Because St. Basil is known for his generosity, love of the poor, and the distribution of coins, he is often linked to another famous Orthodox bishop, St. Nicholas of Myra (better known by his commercialized alter ego, St. Nick or Santa Claus).
Christians all over the world celebrate St. Basil in different ways. In fact, in some countries, it is St. Basil, not St. Nicholas, who delivers presents on the first of the year.
Here in Dubuque, we celebrate his legacy with a special treat: Vasilopita, which means, St. Basil’s Bread.
The story of this bread goes back to St. Basil himself.
As legend has it, the city of Caesarea came under siege. St. Basil feared for the safety of his parishioners and all who lived in the city, so he decided to raise a ransom to end the siege.
He called upon all the citizens to donate their gold, jewelry, and other precious possessions for the cause. The enemy was so embarrassed at this act of collective giving that he ended the siege without taking the ransom.
So, St. Basil found himself with the wealth of the city’s citizens. What to do? He didn’t know what belonged to whom.
Perhaps inspired by the Holy Spirit, St. Basil decided to bake all the items into special loaves of bread. When they were finished, he randomly distributed them to the citizens of the city.
A miracle happened! Everyone received the loaf of bread that contained their own precious items.
Today, St. Basil’s Bread reminds us of this great saint and this astonishing story.
After singing St. Basil’s hymn and the hymn of the New Year, the priest cuts pieces from the bread and distributes it to everyone gathered.

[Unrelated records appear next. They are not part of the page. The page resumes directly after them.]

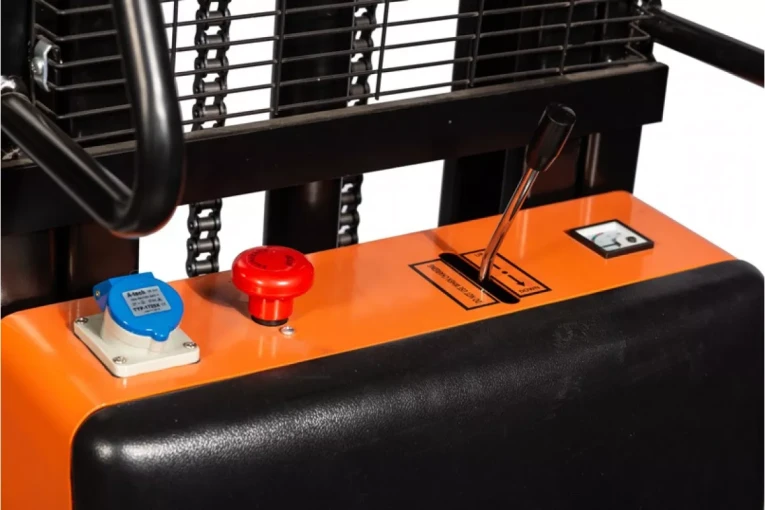 Штабелер электрический самоходный 1,2 т - 3 м Вилы: 1150 , Гелевая АКБ, CL1230J SIBLINE купить в Красноярске Штабелер электрический самоходный 1,2 т - 3 м Вилы: 1150 , Гелевая АКБ, CL1230J SIBLINE купить в Красноярске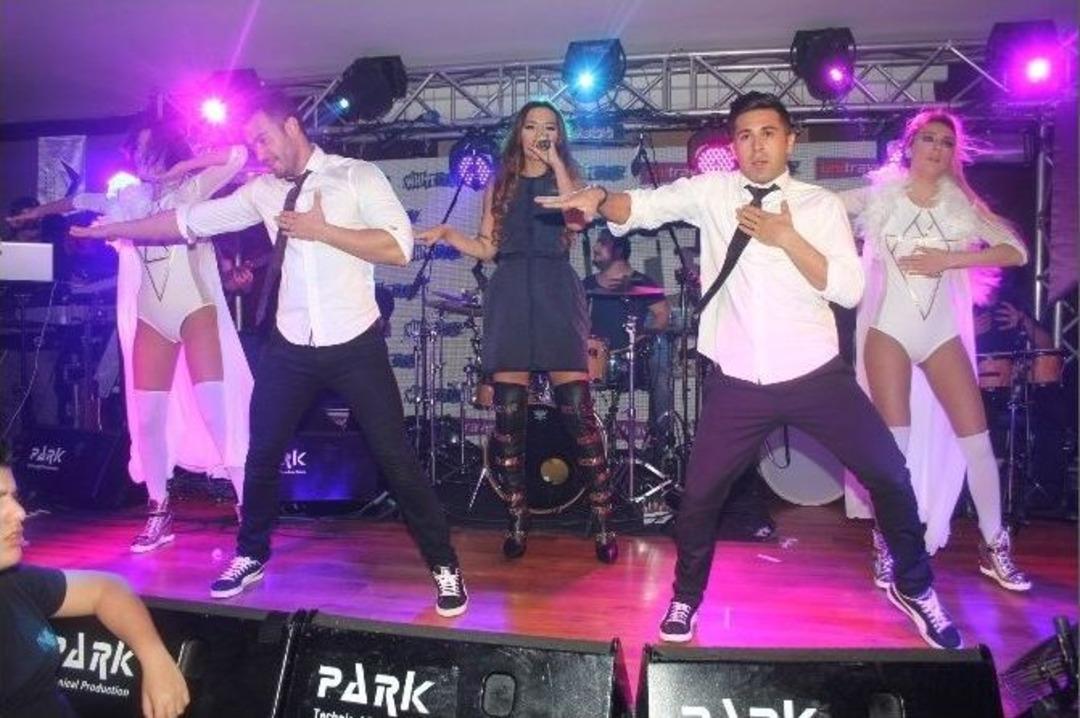 Uludağ&rsquo;da Demet Akalın Fırtınası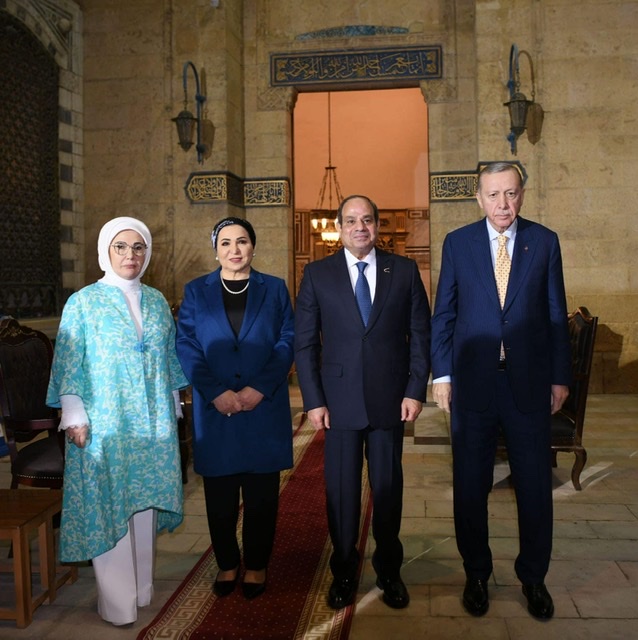 السيسي وقرينته يصطحبان أردوغان وقرينته في زيارة إلى مسجد الإمام الشافعي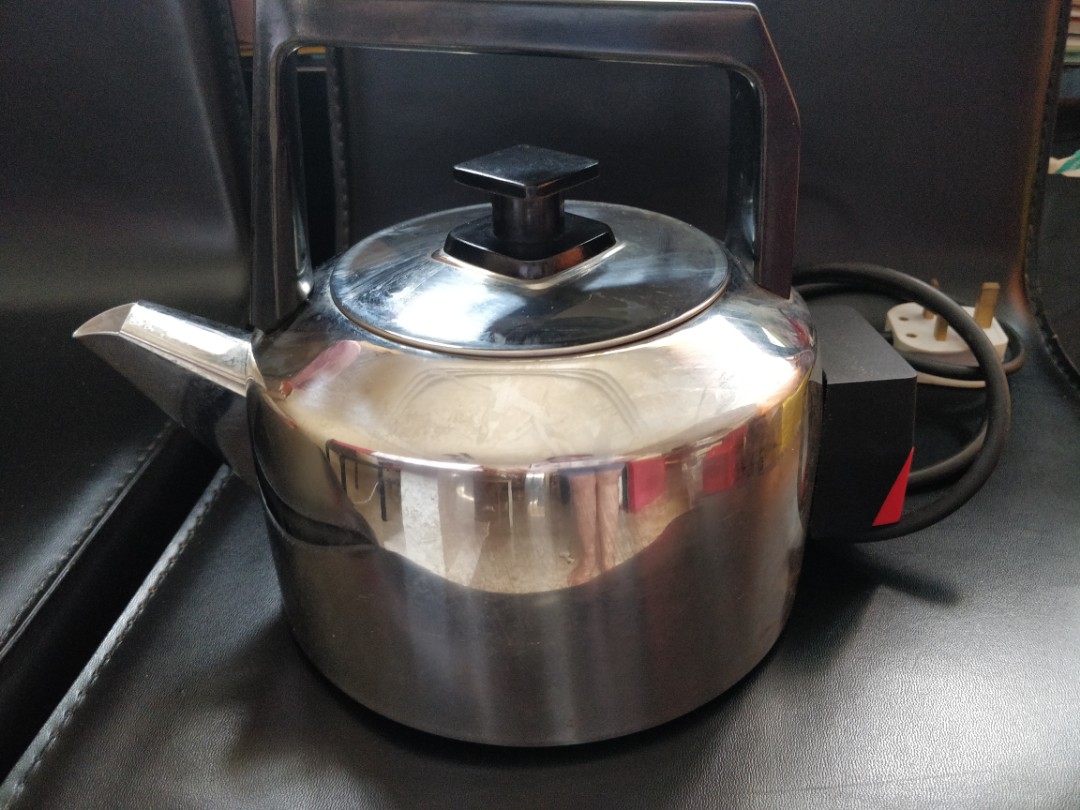 Brand New Electric Kettle (Made in UK), TV & Home Appliances, Kitchen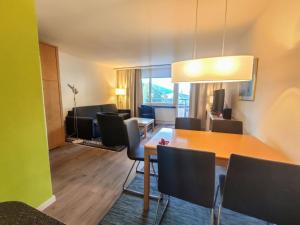 comedor y sala de estar con mesa y sillas en Apartment Allod-Park-28 by Interhome, en Davos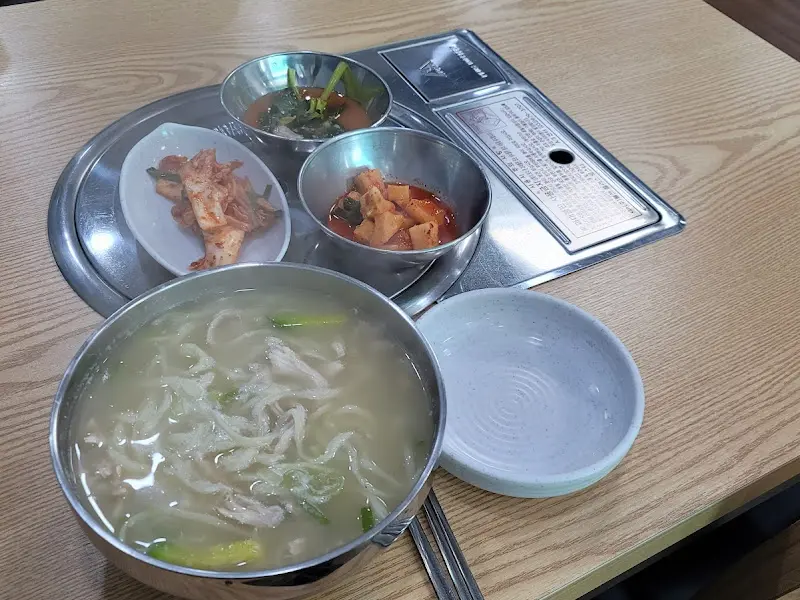 닭칼국수와 곁들임 김치 3종 세트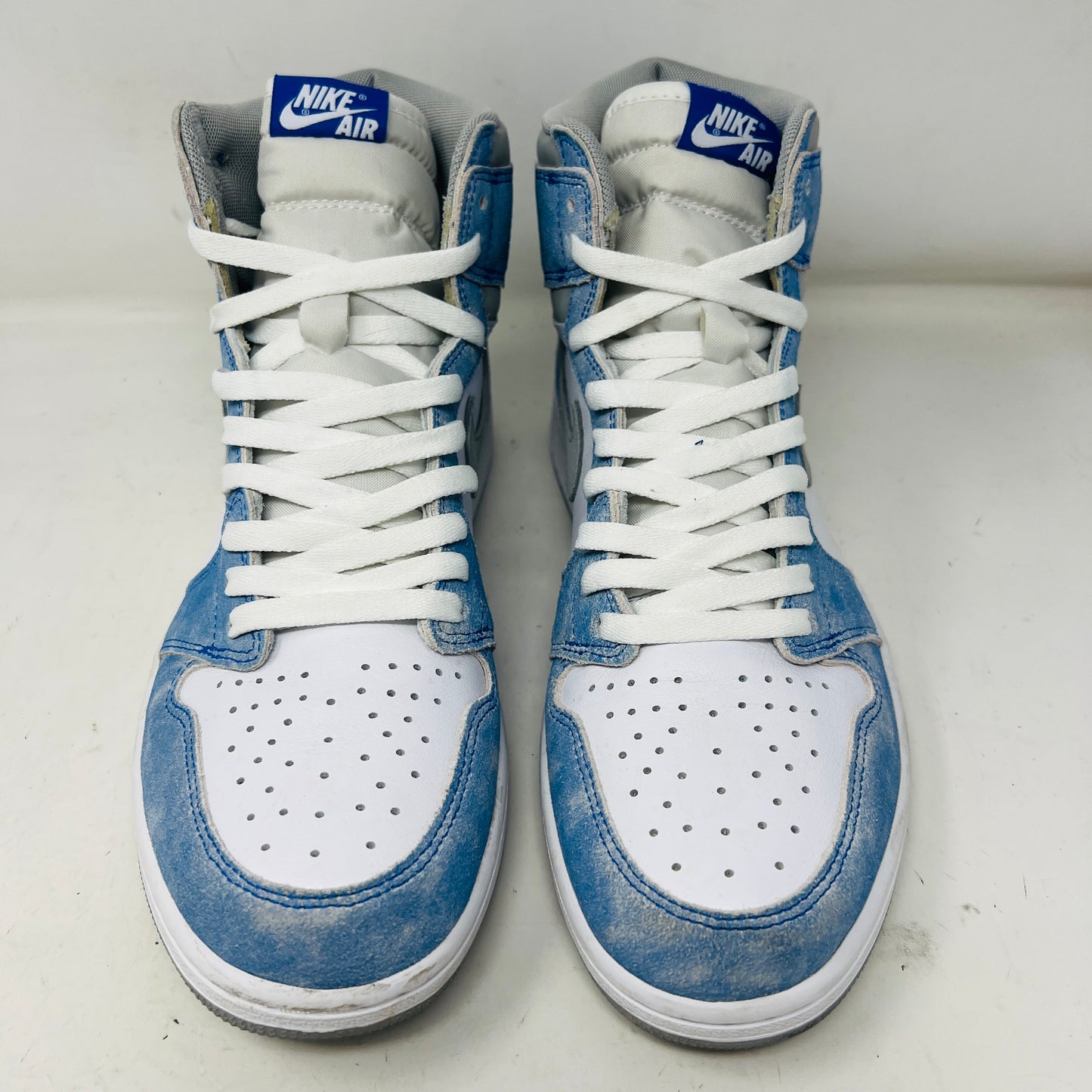Jordan 1 Retro High Hyper Royal Smoke Grey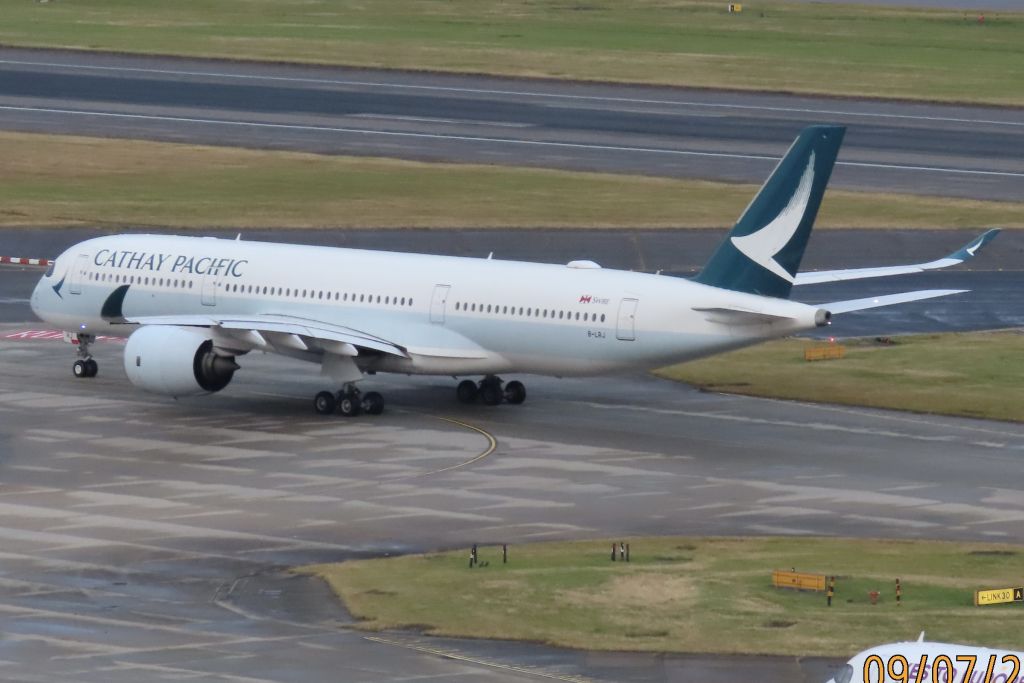 B-LRJ — Cathay Pacific Airways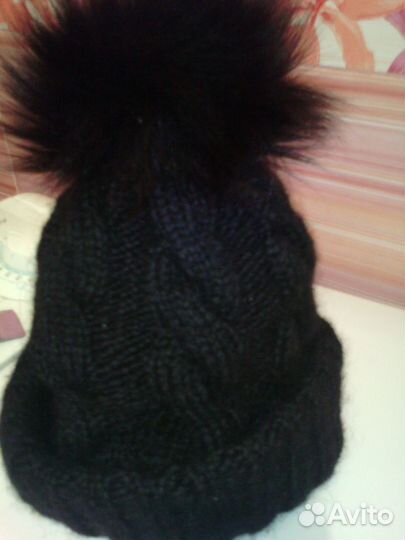 Теплая новая вязаная шапочка
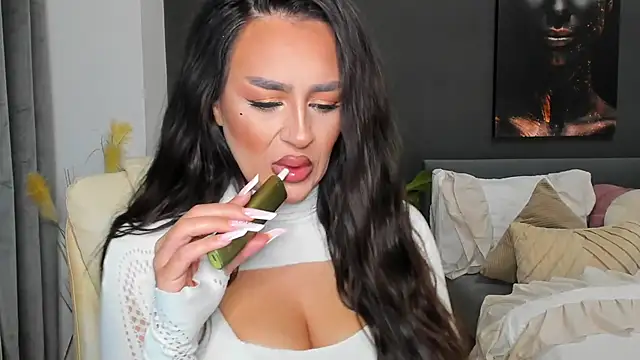 Sonia  Rey online show from 02/19/26, 06:15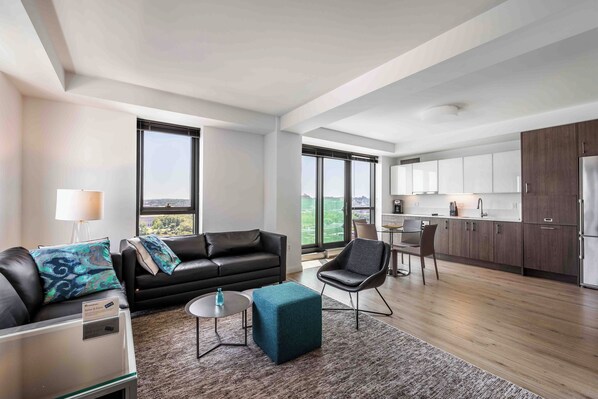 Unclassified image, 1 of 11, button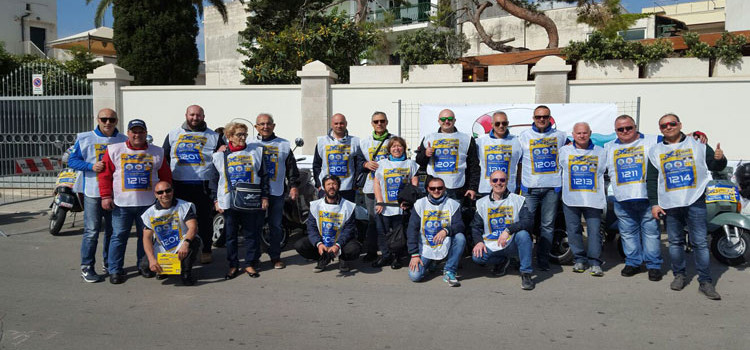 Il Vespa Club Noci presente all’Explora Apulia 2016 Il Vespa Club Noci presente all’Explora Apulia 2016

But St. Basil’s Bread is more than just a neat tradition for us to celebrate. It reminds us of our true calling in Christ: working together for peace.
The Deeper Meaning
I look at the world around me, and I see a world that’s under siege, just like Caesarea was.
Many of us are caught up in a rat race that has left us feeling hopeless. Whether at work, school, or in our personal lives, we find ourselves lost in despair for a variety of reasons.
While social media promises to bring people together in new and exciting ways, it has also created a forum where bullying can run rampant. Some people have even turned to suicide.
Social media has even created a new battleground for politics where it’s every person for himself.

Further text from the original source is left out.